Um Auditor-Fiscal do Trabalho negro incomoda muito mais
Sim, sou Auditor-Fiscal do Trabalho, negro, aprovado em concurso público (1995) quando não se falava de reservas de cotas para afrodescendentes, indígena e quilombolas.
Cansei de perceber expressões de surpresa diante do fato de que sou possuidor de diploma de três cursos superiores, duas pós-graduações, que escrevo artigos jurídicos (inclusive premiados), que possuo livros publicados, que sou oriundo do serviço público, passando pelas esferas municipal, estadual e federal.
Se a presença de um Auditor-Fiscal do Trabalho já é, por si só, capaz de gerar incômodo em determinadas empresas, a atuação de um Auditor-Fiscal negro em ambientes predominantemente não negros costuma provocar ainda maior resistência.
Em razão do pacto de branquitude, verifica-se, no âmbito das relações organizacionais, dificuldade de integrantes do grupo social historicamente dominante em reconhecer pessoas negras em condição de plena paridade, sobretudo quando estas ocupam posições de destaque e demonstram alto desempenho no cumprimento de metas institucionais.
Essa resistência torna-se ainda mais evidente no exercício de atribuições fiscalizatórias externas, quando o profissional negro detém competência para exigir a apresentação de documentos, solicitar informações de fornecimento obrigatório, requerer acesso irrestrito aos ambientes de trabalho ou determinar a adequação de práticas empresariais em desconformidade com a legislação trabalhista vigente.
Certamente é por conta desse pacto que ouvi a seguinte frase de uma preposta: “Você não tem direito de estar aqui”. Eu reflito: “Você” é quem? “Aqui”... é onde?

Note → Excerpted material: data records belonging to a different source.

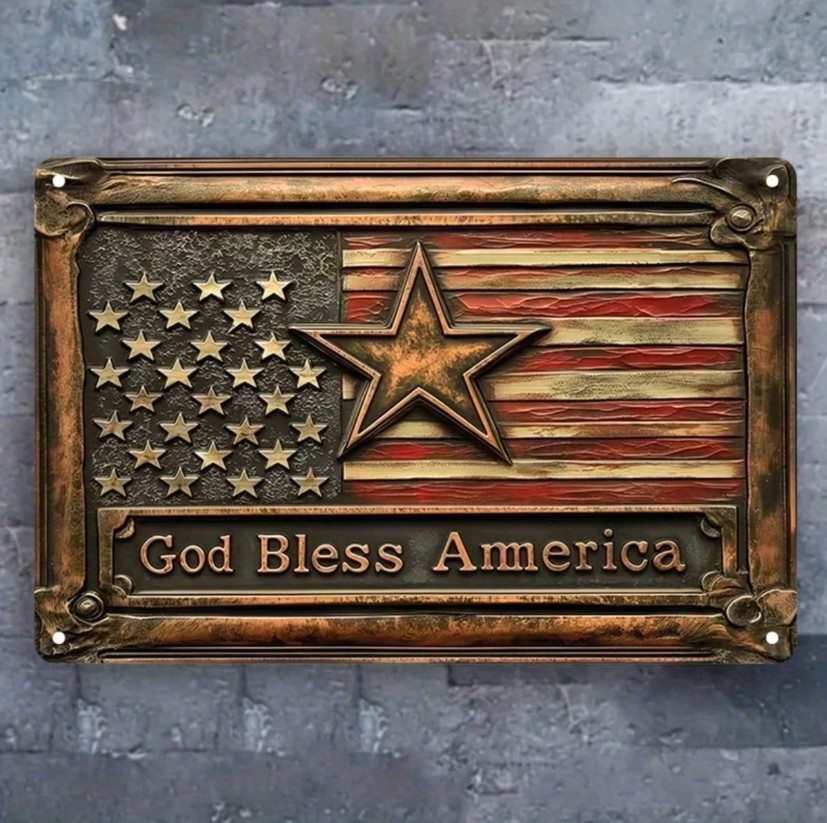 God Bless America Metal Sign American Flag Patriotic Wall Decor 8×12 Plaque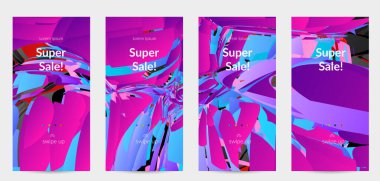 Parlak renkli küçük parçacık patlaması ile soyut sosyal medya şablonu. Spor müziği sosyal medya düzeni. Dış uzay hareketli optik sanat dinamik arka planı. Gelecekçi vektör.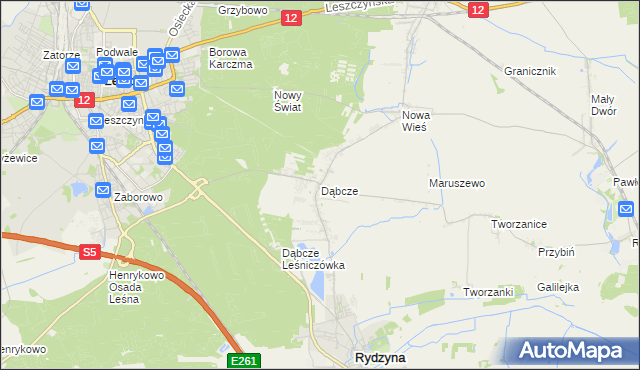 mapa Dąbcze, Dąbcze na mapie Targeo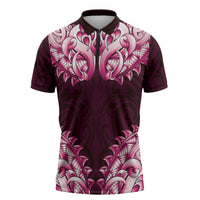 New Zealand Ta Moko Zipper Polo Shirt Aotearoa Maori Chest Tattoo Pink LT14 Pink - Polynesian Pride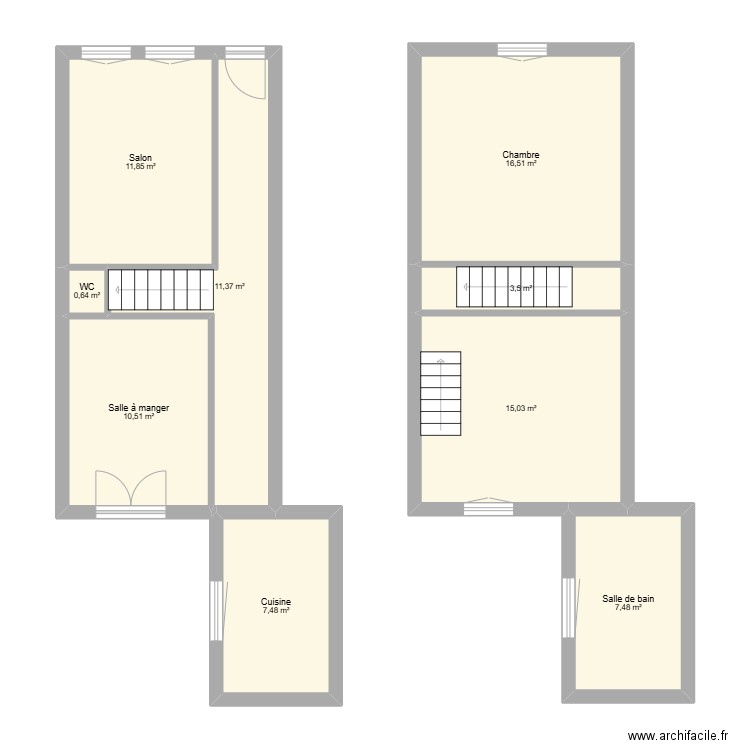 gaspar. Plan de 9 pièces et 84 m2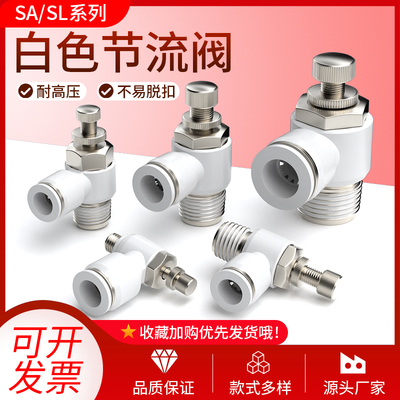 节流阀气阀气动可调快速接头气体流量控制阀气缸排气配件SL6/8-02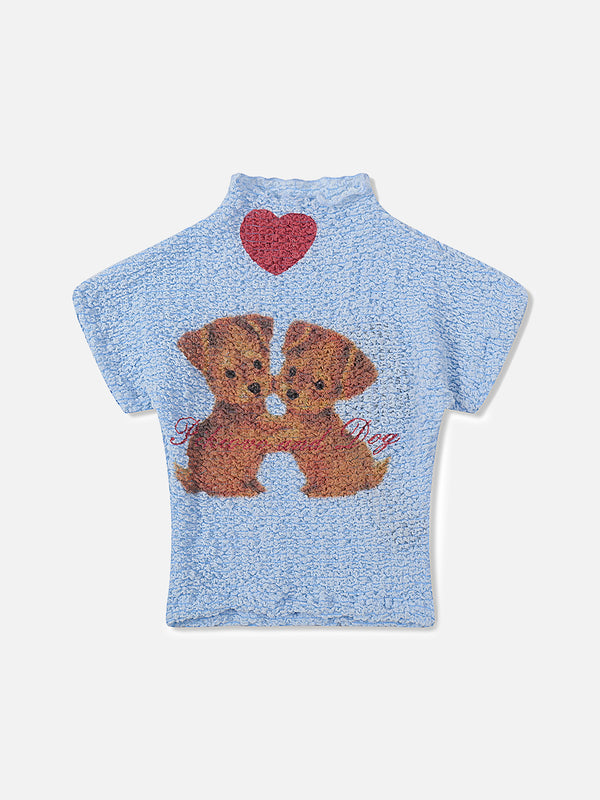 Stelluris Y2K Puppy Crop Short Sleeve Tee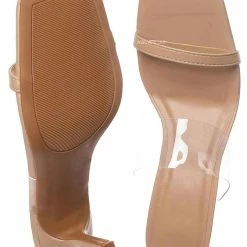 Anne Michelle New Zeal03 Clear Lucite High Heel Mule, Women Transparent Sandal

Na verdade a frase esconde um racismo, cujo seu verdadeiro teor se interpreta da seguinte forma: “você” é um AFT negro, sua identidade fiscal não deve ser oficial”. “Aqui” é uma empresa em que todos os trabalhadores são brancos, inclusive os sócios.
É neste contexto de pacto da branquitude que não se pode admitir uma mulher negra na bancada de um dos maiores telejornais brasileiro, atuando em horário nobre. Da mesma forma que causa espécie saber que Ruy Barbosa, o Águia de Haia, era negro e que é igualmente escandaloso considerar um Jesus negro, pobre, que pisou o chão das periferias de um aldeia sem importância, oprimido por um Estado dominante.
A presença de um AFT negro incomoda a estrutura de poder do próprio órgão, formada por pessoas brancas, quando questões legais são discutidas e decididas com argumentação frágil, mal motivadas, concedendo a oportunidade do contraditório apenas para falsear o direito à ampla defesa.
Todavia, há casos em que decisões denegatórias não tem como se sustentar diante da estrita legalidade. Para não ficar no subjetivismo, três pautas em que tiveram mudança normativa e/ou procedimental: a) a questão de diárias, mediante a normatização do direito quando há deslocamento e pernoite em região limítrofe à sede da gerência; b) o direito de usar veículo oficial, independente da área ser próxima ou distante da sede; c) o direito ao gozo da licença capacitação.
O Dia da Consciência Negra é um momento para refletir que, quando vemos pessoas negras alcançando posições de destaque, isso não ocorre por acaso: trata-se de resultado de oportunidades concretas de estudo, formação e condições reais para competir em igualdade com os não negros.
É também um dia para reafirmar a necessidade de reparação histórica pelos séculos de escravização, cujas consequências permanecem visíveis no presente. É tempo de reivindicar políticas estruturantes que assegurem ao povo negro acesso efetivo aos espaços de poder e protagonismo, superando, de forma definitiva, a lógica social que ainda reproduz a senzala em novas formas.
É tempo em que um Auditor-Fiscal do Trabalho pode até incomodar, mas não pelo fato de ser negro.